The present invention relates to a method for mapping a hierarchical data format to a relational database management system. Furthermore, the present invention relates to a database model and an apparatus for reading from and/or writing to recording media using such method.
The future of digital recording will be characterised by the preparation, presentation and archiving of added value data services, i.e. a recorder, like a DVR (Digital Video Recorder) for example, will store and handle additional information delivered by content providers like broadcasters or special services or even assembled by the user himself. Added value (metadata) is generated to give further information to the user. For example, added value may be a movie summary explaining the story, a listing of the actors etc. Also the provision of additional information facilitating navigation inside the movie constitutes added value. For example, a movie can be structured into sections, subsections etc. each having an individual title and possibly comprising further useful information.
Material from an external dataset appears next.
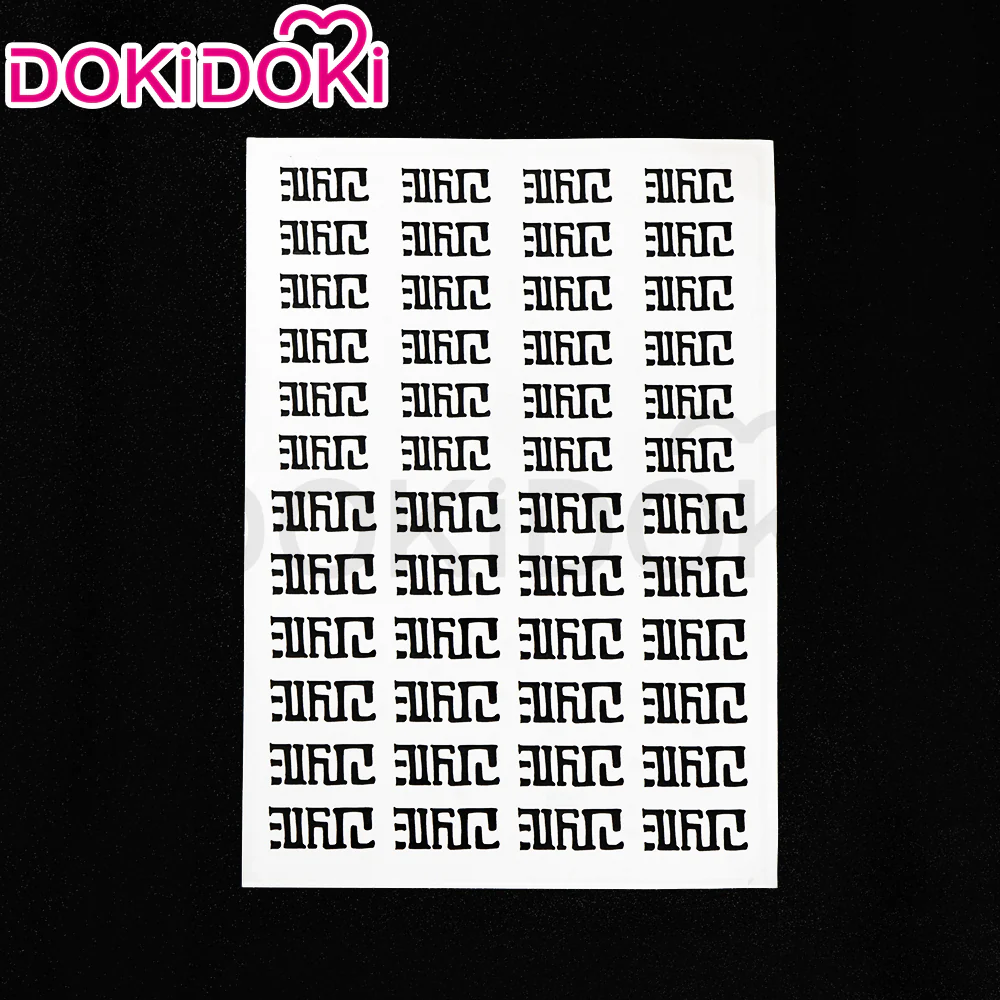 【Partially Ready For Ship】DokiDoki Game Honkai: Star Rail Cosplay Aventurine Wig / Ear Clip / Hat / Bracelet Short Straight Yellow Hair Shajin/ Tattoo Stickers / Glasses Sunglasses / Poker Prop - Image 6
For providing structural information and for transporting other metadata for multimedia objects like video or audio streams, an hierarchical data format is generally used. A well-known and widely accepted hierarchical data format is the extensible markup language XML. XML is a system for defining specialized markup languages that are used for transmitting formatted data. It is, therefore, also called a meta language, a language used for creating other specialized languages. XML data consists of text, which is organised in form of a plurality of descriptors. The text itself contains elements, attributes and content, i.e. the remaining text. Besides the use for multimedia objects, many other applications for XML are known.
It is to be expected that in the foreseeable future digital recorders will store quite a large amount of data in XML or another hierarchical data format in relational databases, since these databases are widely used and quite sophisticated. However, there is the problem that for storage the hierarchical data format has to be mapped to a relational database management system (RDBMS). A number of database models for XML have already been proposed. See for example Rahayu et al.: Representation of multilevel composite objects in relational databases. OOIS'98, Proceedings of the 1998 International Conference on Object Oriented Information Systems, pp 221-238, or Zhang et al.: On Supporting Containment Queries in Relational Database Management Systems, ACM. Sigmod Record, vol. 30, no. 2 (2001), pp. 425-36. However, no database model is known capable of handling diverse types of hierarchical descriptors in a fast manner for inserting descriptors, reading parts of descriptors, reading whole descriptors and performing fast text queries.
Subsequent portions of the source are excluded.